Es lo que tenemos más a mano, cuando ocurre algo que no podemos explicar o no
coincide con ningún parámetro del universo conocido y familiar.
Nadie quiere vivir en el caos. El caos nos remite a
situaciones de hostilidad, desorden, anarquía, incertidumbre, perplejidad. Nos
dispara emociones asociadas a la desconfianza, desasosiego, ansiedad, zozobra,
preocupación, agitación, que no son más que distintas manifestaciones de miedo.
En menor o mayor medida, tenemos miedo al caos y nos apegamos a la búsqueda
incansable del control y una falsa seguridad. Vamos construyendo murallas, cada
vez más rígidas e inaccesibles para protegernos del cambio, lo desconocido o
inesperado. Evitamos por todos los medios enfrentar la desconfianza que nos
provoca la flexibilidad. La resistimos con todas nuestras fuerzas, quizás sin
percibir que lo único que logramos es sumar frustración, agotamiento y soledad.
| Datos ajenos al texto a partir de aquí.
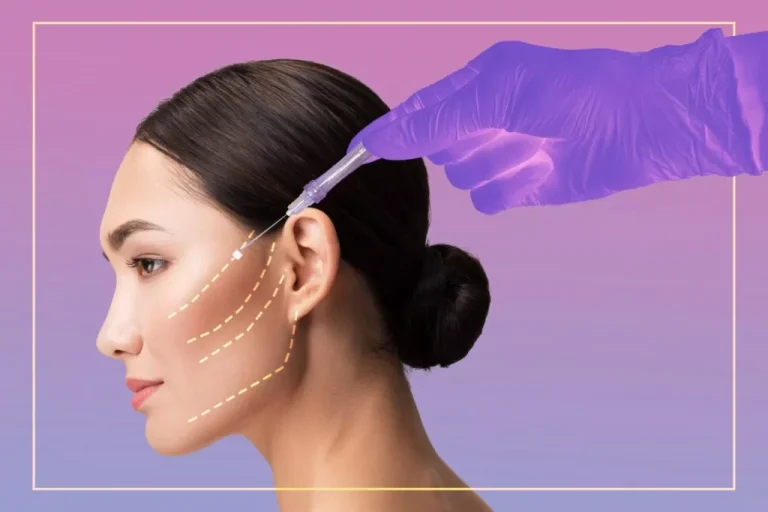 face-thread-lift-dubai/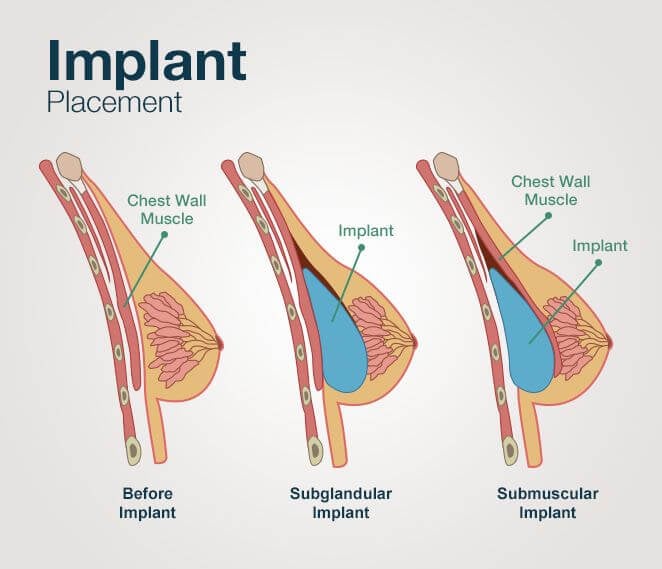 breast augmentation in Iran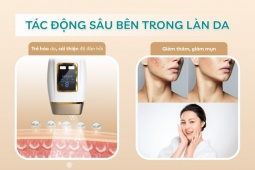 Crenot Graci X3 – Giải pháp triệt lông vĩnh viễn tại nhà an toàn, tiết kiệm cho phụ nữ hiện đại
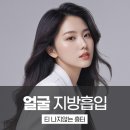멍메이드 | 얼굴지방흡입 후기, 멍 없던 이유 이거였네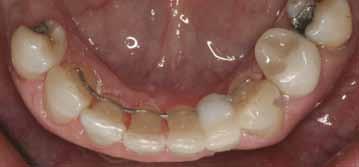Figure 18: The upper denture wax-up mounted in centric relation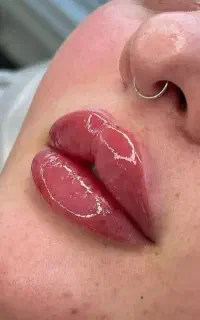 تخفیف ویژه خدمات و آموزش ژل بوتاکس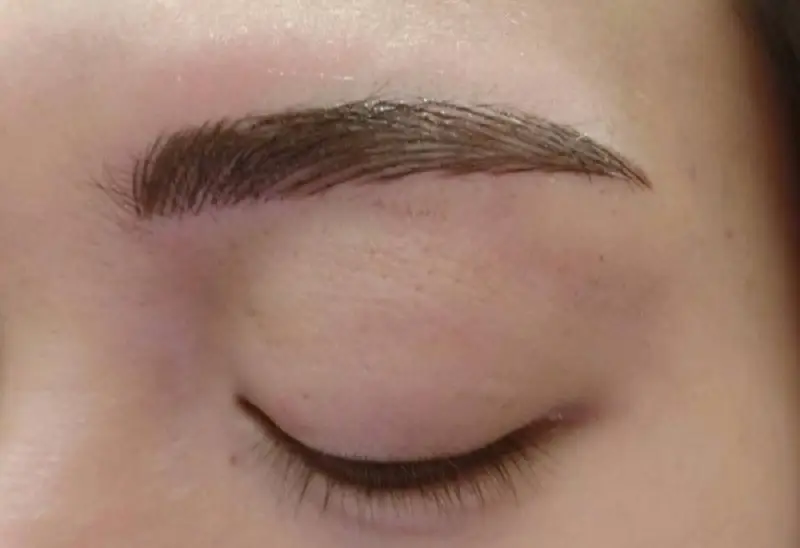 Kỹ thuật đi kim sâu có thể để lại sẹo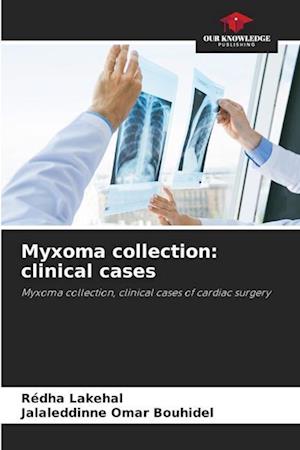 Myxoma collection: clinical cases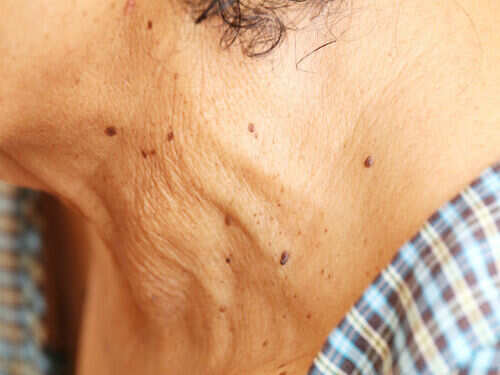 Birthmark on forehead astrology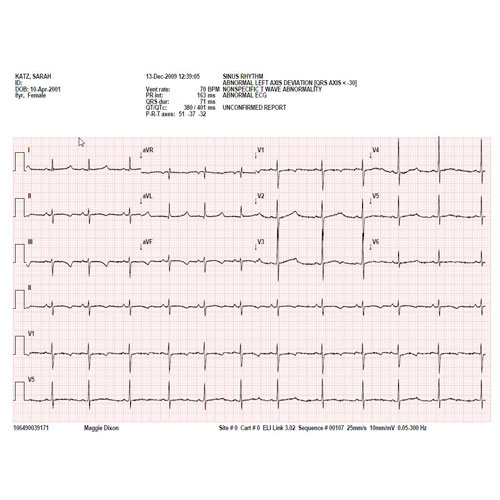 EKG-papier voor Mortara ELi 150 - 108x140mmx 200 - 1 st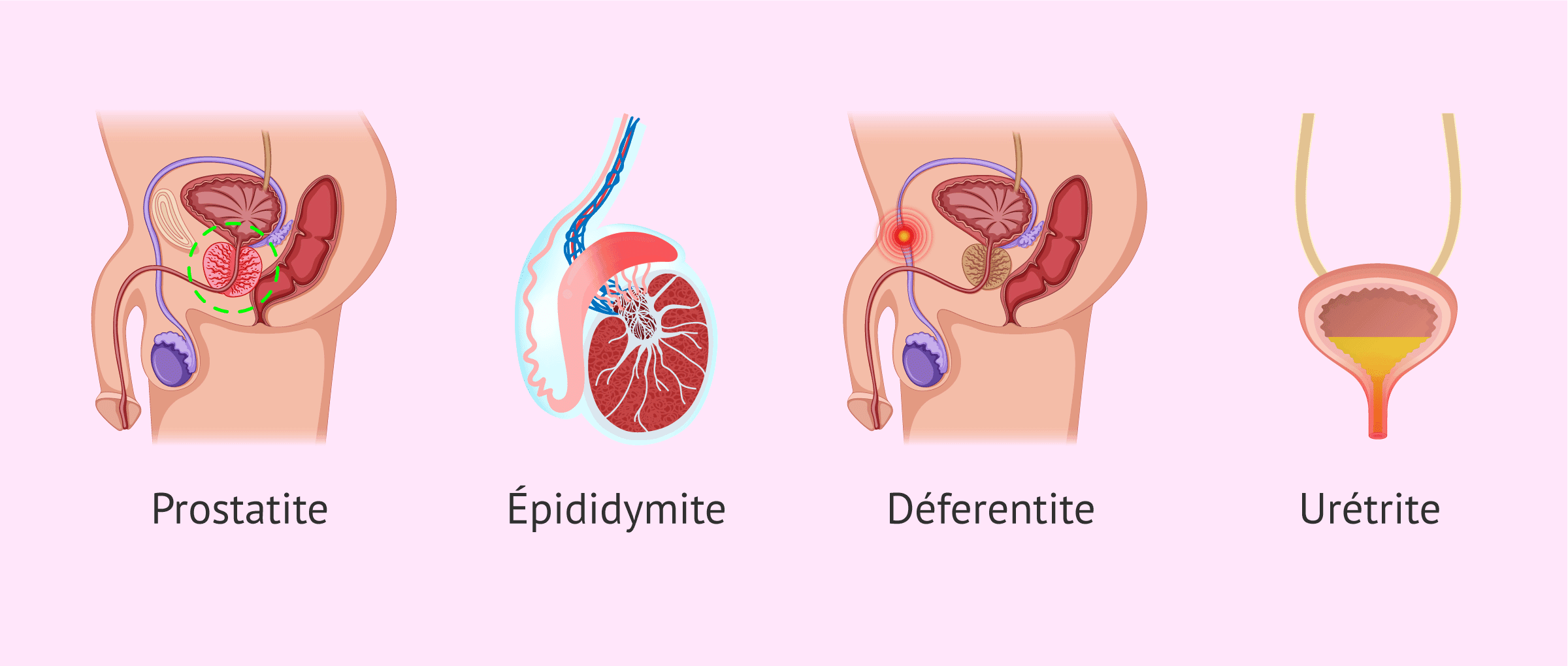 Imagen: Quelles infections séminales existe-t-il?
La soledad aparece así como una de las
inevitables consecuencias de la rigidez, porque al final del día, nadie quiere
compartir la vida con alguien que ya diseñó hasta cómo deben ser sus amigos.
La flexibilidad, palabra casi relegada a lo gimnástico o a
la elongación de las personas, también aplica para nuestra forma de pensar y
entender el mundo. Ser flexible no significa ser tibio. Ser flexible requiere
de mucha conciencia sobre lo que es importante y necesario para cada persona. Implica la
capacidad de rediseño sobre la marcha, estar abierto a sorprenderse, a aceptar nuevos
escenarios y respuestas. Abrazar la
flexibilidad es aprender a vivir con esa cuota de incertidumbre que nos da la posibilidad
de conectar más plenamente con el presente, comprendiendo y tomando lo que
sucede, esté previsto o no.
No soy una defensora de la anarquía o de la improvisación como
plan, sencillamente creo que al contemplar la posibilidad que dentro de un plan,
haya cosas que puedan salir de otra manera, esa simple idea nos da libertad y más
capacidad de disfrute. Soltar la idea de controlar todo, soltar la certeza de
que las cosas deben ser como las imaginamos, poder hacer con lo que hay y no con
lo que creíamos que habría, ahí radica el gran desafío de nuestro tiempo.